DATA PROVIDED:
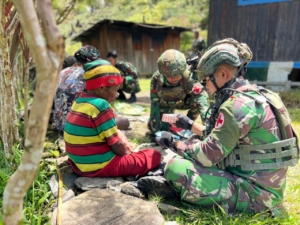 Satgas 743/PSY Datangi Rumah Warga Berikan Pemeriksaan Kesehatan Gratis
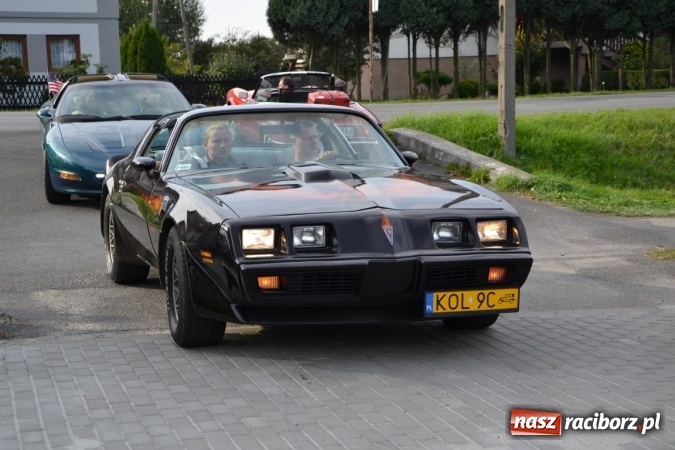 Zdjęcie w galerii na portalu naszraciborz.pl: Oldtimery z całego regionu zjechały dziś do Zabełkowa wiadomości z regionu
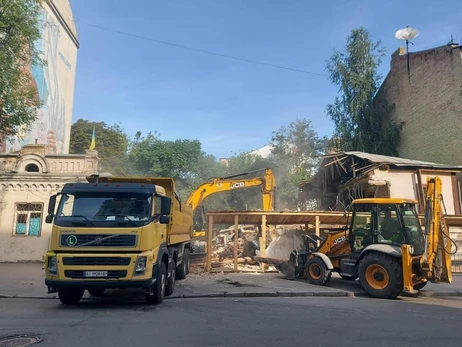 Поліція відкрила справу через знесення 200-річного будинку в Києві заради можливої забудови
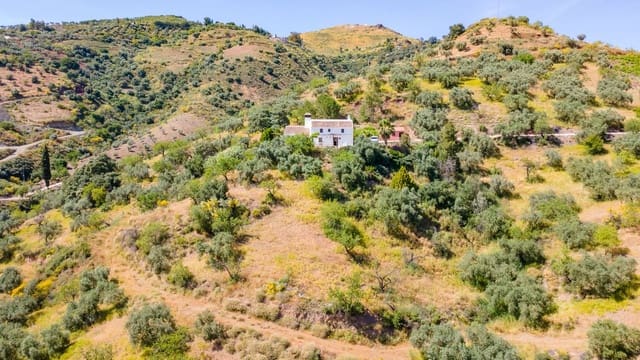 Finca/Casa Rural de 6 habitaciones en Colmenar en venta con garaje - 395.000 € (Ref: 9893691)
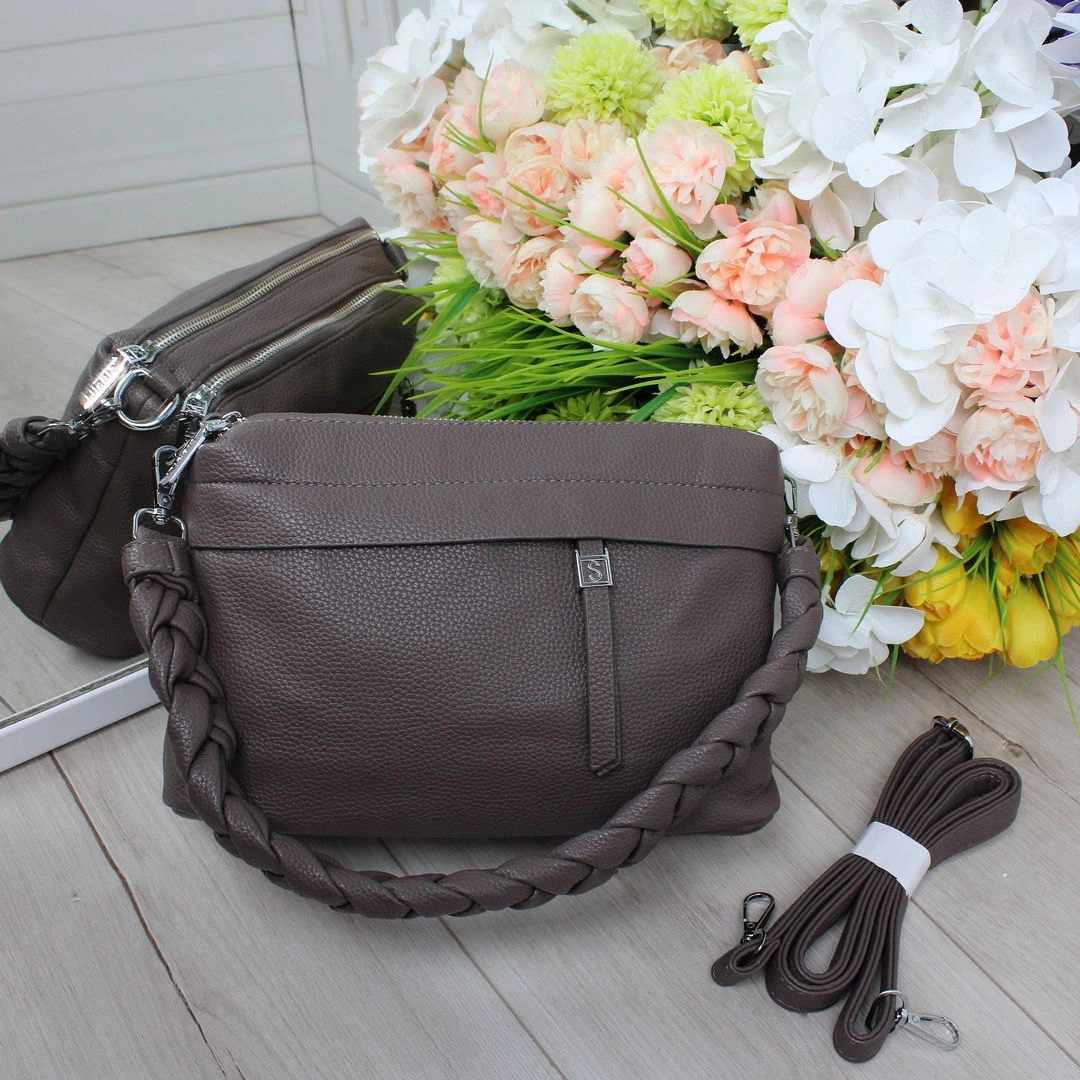 Жіноча сумка крос-боді капучіно з екошкіри на два відділення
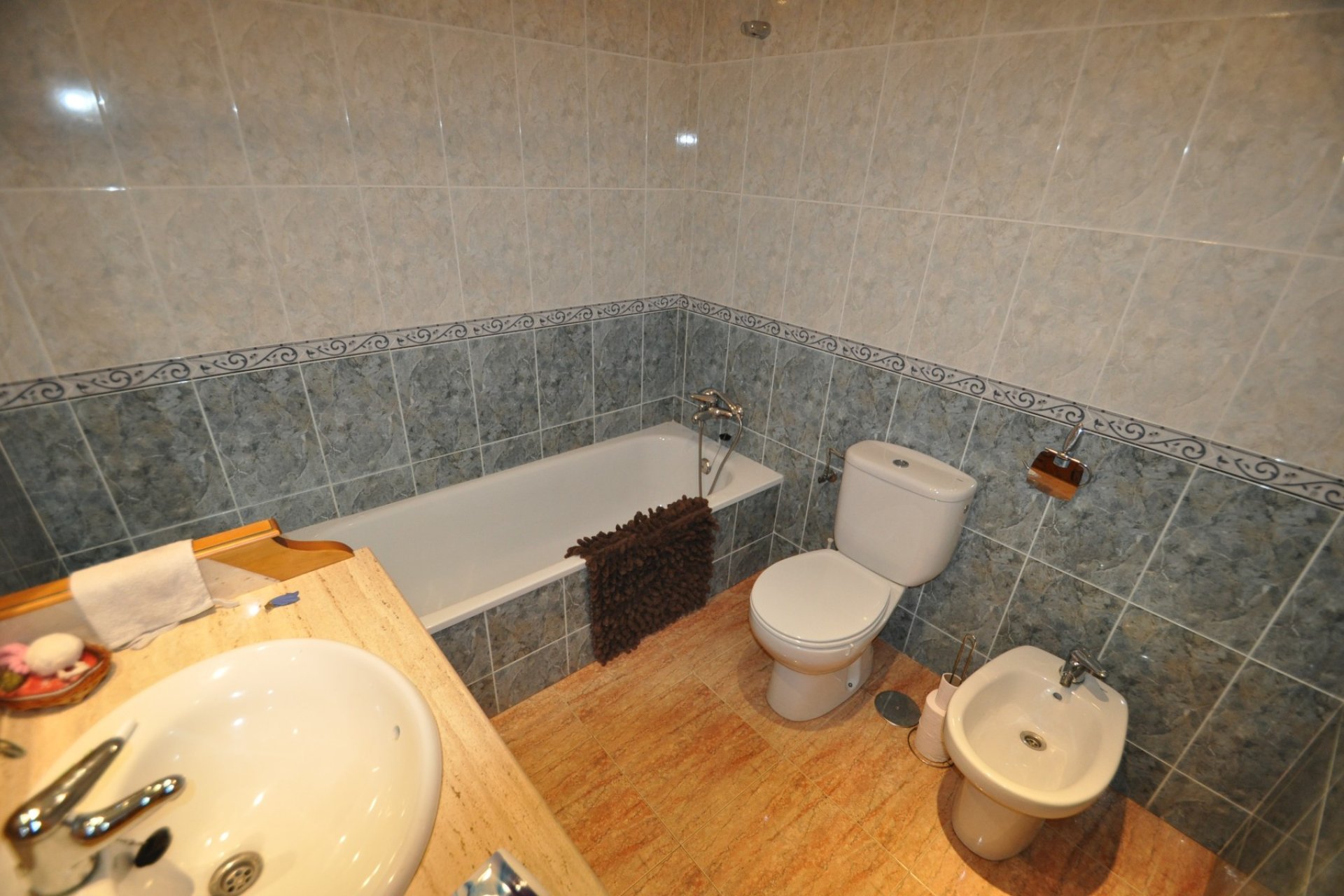 Használt Ingatlanok - Sorház -
Pinoso - Inland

THE TASK: The listing above should be repeated word for word, with every image left out.

OUTPUT OF THE EXERCISE:
 Satgas 743/PSY Datangi Rumah Warga Berikan Pemeriksaan Kesehatan Gratis
 Zdjęcie w galerii na portalu naszraciborz.pl: Oldtimery z całego regionu zjechały dziś do Zabełkowa wiadomości z regionu
 Поліція відкрила справу через знесення 200-річного будинку в Києві заради можливої забудови
 Finca/Casa Rural de 6 habitaciones en Colmenar en venta con garaje - 395.000 € (Ref: 9893691)
 Жіноча сумка крос-боді капучіно з екошкіри на два відділення
 Használt Ingatlanok - Sorház -
Pinoso - Inland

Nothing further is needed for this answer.